The iPadOS beta is out, and it has one killer feature — mouse support. Not only can you use any Bluetooth mouse or trackpad to control the text-selection cursor on the iPad, you can use the mouse just like you would on a Mac — clicking buttons anywhere in the entire iPad user interface.
The feature is not on by default. It’s not even a regular checkbox. To enable mouse and trackpad support on your iPad, you have to dig into the Accessibility settings.
How to enable mouse and trackpad support in iPadOS
First, head to Settings > Accessibility > Touch> AssistiveTouch. You’ll see an item called Pointing Devices. Tap that, and you’ll be able to connect to the Bluetooth mouse or Magic Trackpad of your choice. You can also pair your Bluetooth mouse in the standard Bluetooth settings panel. Not everything works. I paired a Logitech Bluetooth mouse, but my old 1st-gen Magic Trackpad wasn’t even recognized by my iPad. I have read reports that the latest Magic Trackpad does work, but only if you use a Lightning cable to plug it in — Bluetooth doesn’t work.
Then you can start mousing around. You can adjust the tracking speed of the mouse pointer using the familiar hare/tortoise slider that dates back to the original Mac. And the default pointer itself is not an actual pointer at all, but a circle.
If your mouse has a scroll wheel, you can use that to scroll pages, and you can do all the familiar stuff — click and drag, for example.
What about right-click? Well, iOS has no right click (although in iOS 13 apps can present a contextual menu if you long-press or 3-D Touch), but you can set a mouse button to act as the home button, which means you won’t have to reach up and press your actual home button (or perform a swipe on iPads without this button). In fact, you can set your mouse buttons to pretty much anything you like — including running a Siri Shortcut , which is totally wild.
iPad mouse support is amazing
By hiding it away inside the Accessibility section, Apple has made it clear that mouse and trackpad support is not meant as a standard UI feature.

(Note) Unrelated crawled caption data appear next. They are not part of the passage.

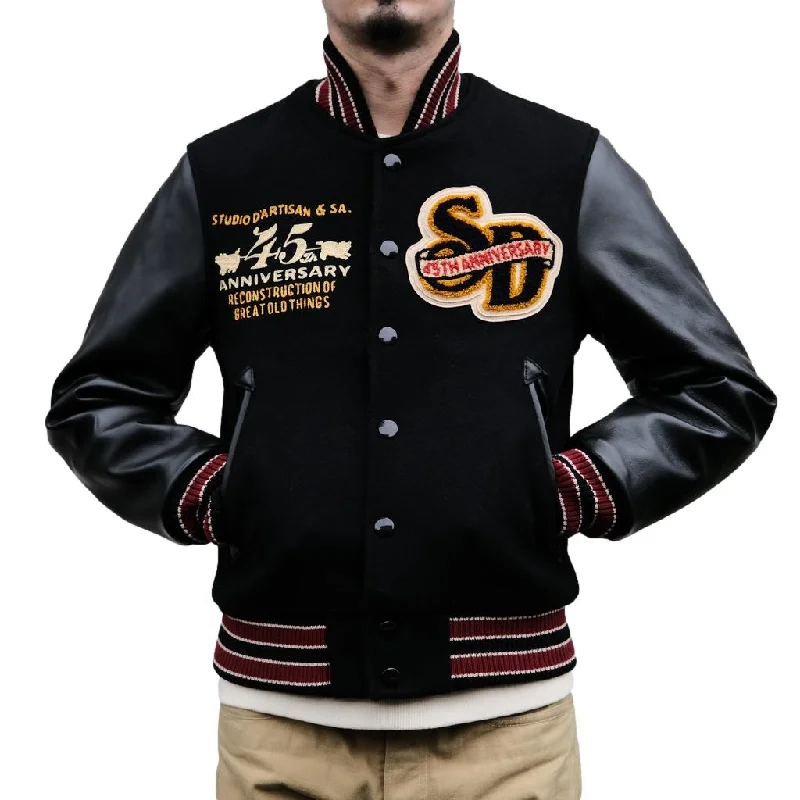 Studio D'Artisan 45th Anniversary Wool/Horsehide Leather Stadium Jacket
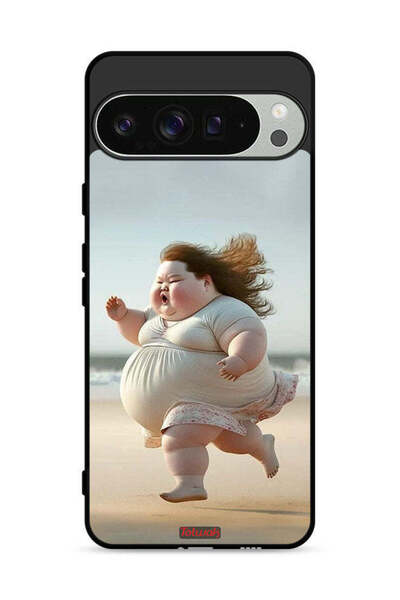 Tolwak غطاء حماية لهاتف Google Pixel 9 Pro - فتاة سمينة تركض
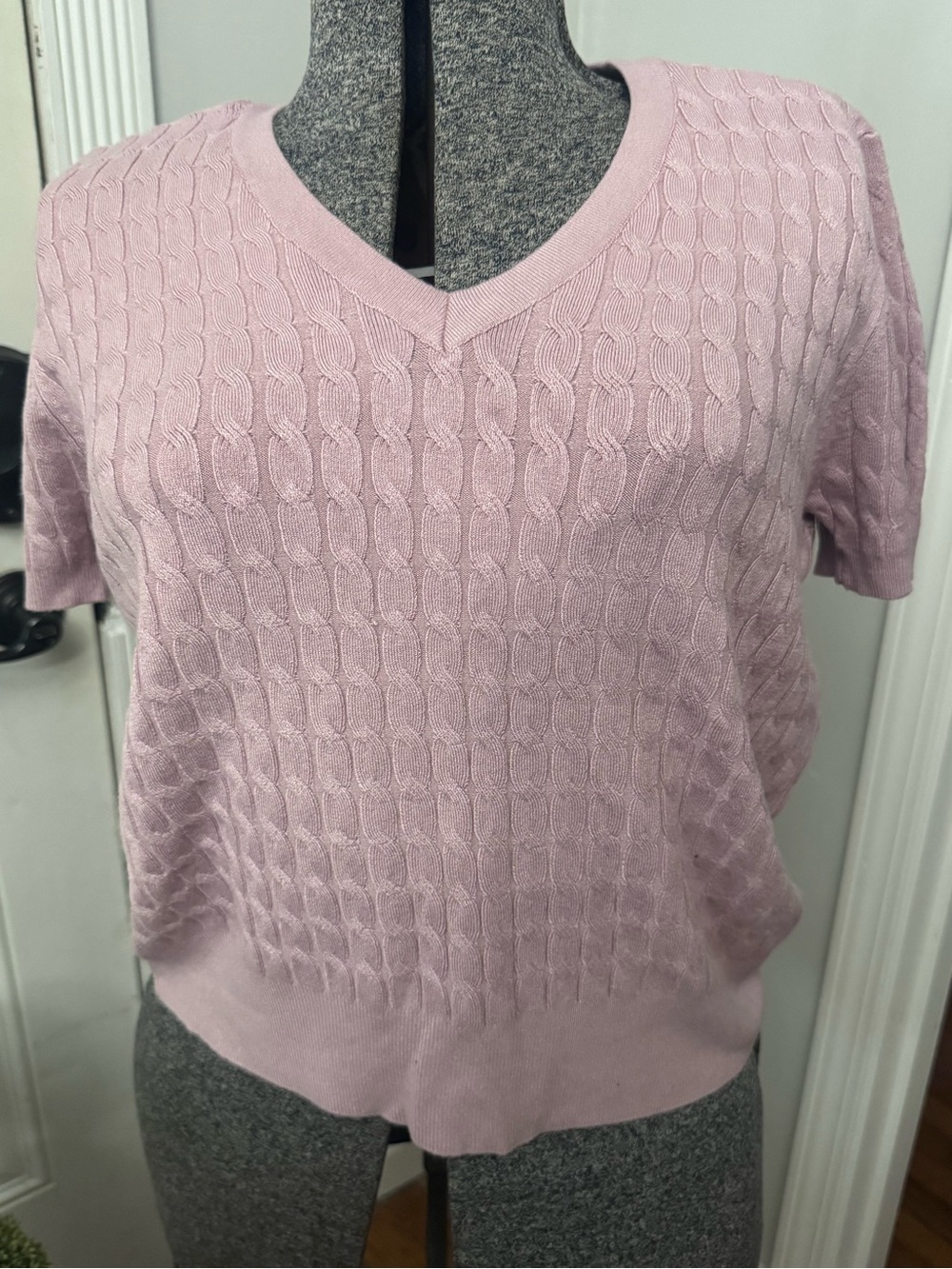Women’s Elleborn Mauve Cable Knit Short Sleeve Sweater Large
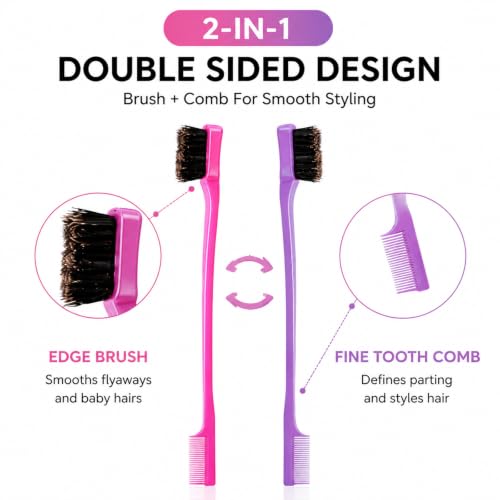 BBTO 5-Piece Double-Sided Edge Hair Brush and Comb Set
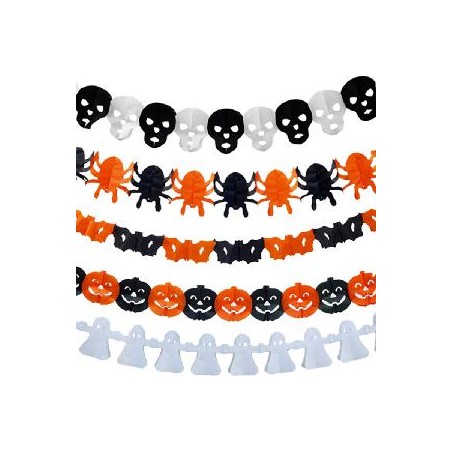 -GUIRNALDA CALAVERA  HALLOWEN SURTIDAS NARANJA,NEGRA.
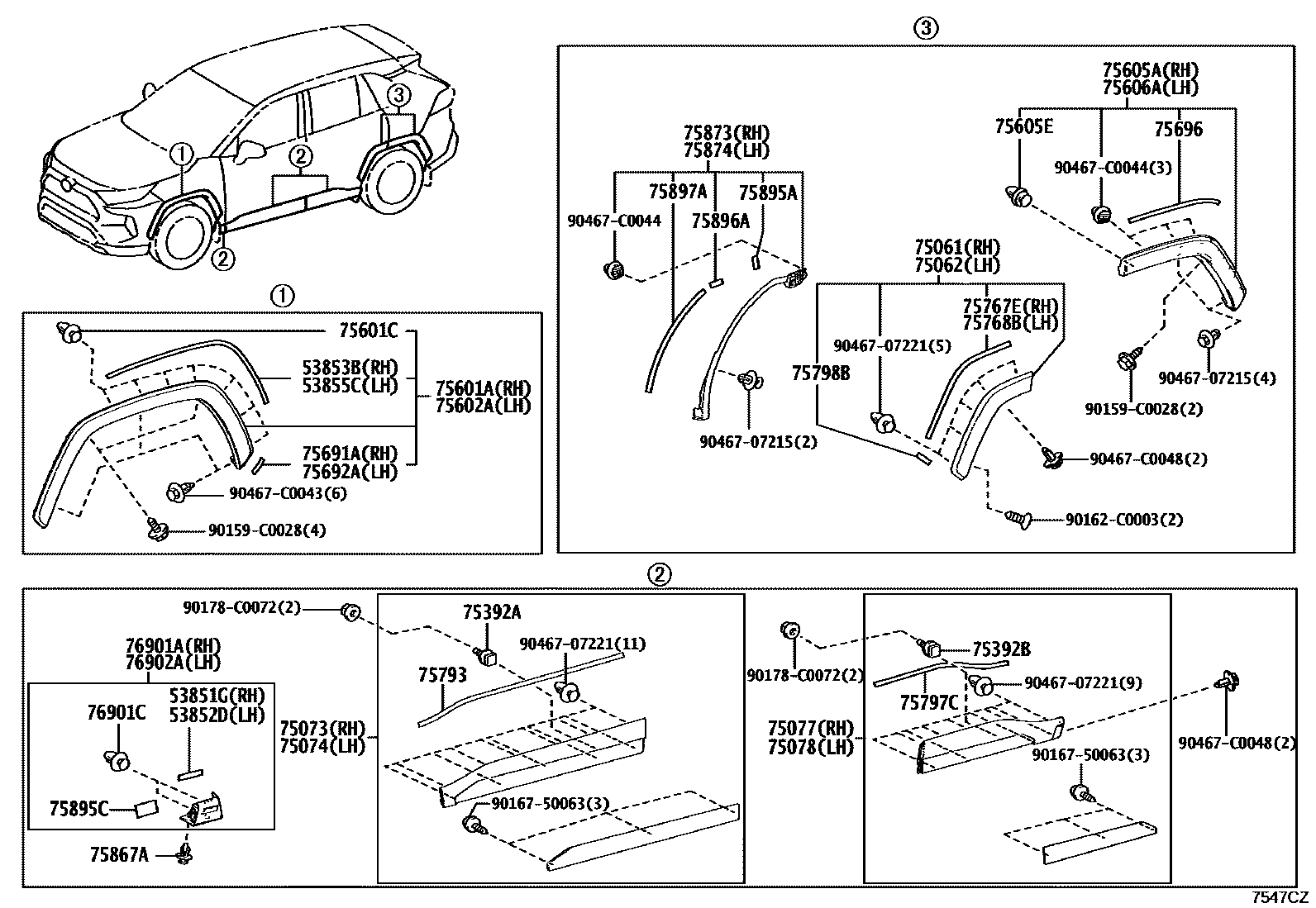 Toyota RAV4 防护条 EPC diagram — 7547CZ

But like all of Apple’s Accessibility features, it is fully-realized, and offers deep functionality.
Who would want to use a mouse with an iPad? Well, I laughed at this for years. Apple will never add mouse support. But why not, right? The Mac’s UI requires a mouse. A finger is too big to hit all those tiny buttons accurately. But a mouse works great on the iPad’s big touch targets. I have my iPad on a stand, and connected to a keyboard, for around half the time I use it.
In that setup, mouse support is fantastic. Not only can I select text without having to reach up to touch the screen, but I can use the entirety of the iPad in the same way. Now it’s there, it seems so obvious. The iPad will clearly remain touch-first, but now it has a second option, one that is useful, powerful, and in some situations, better.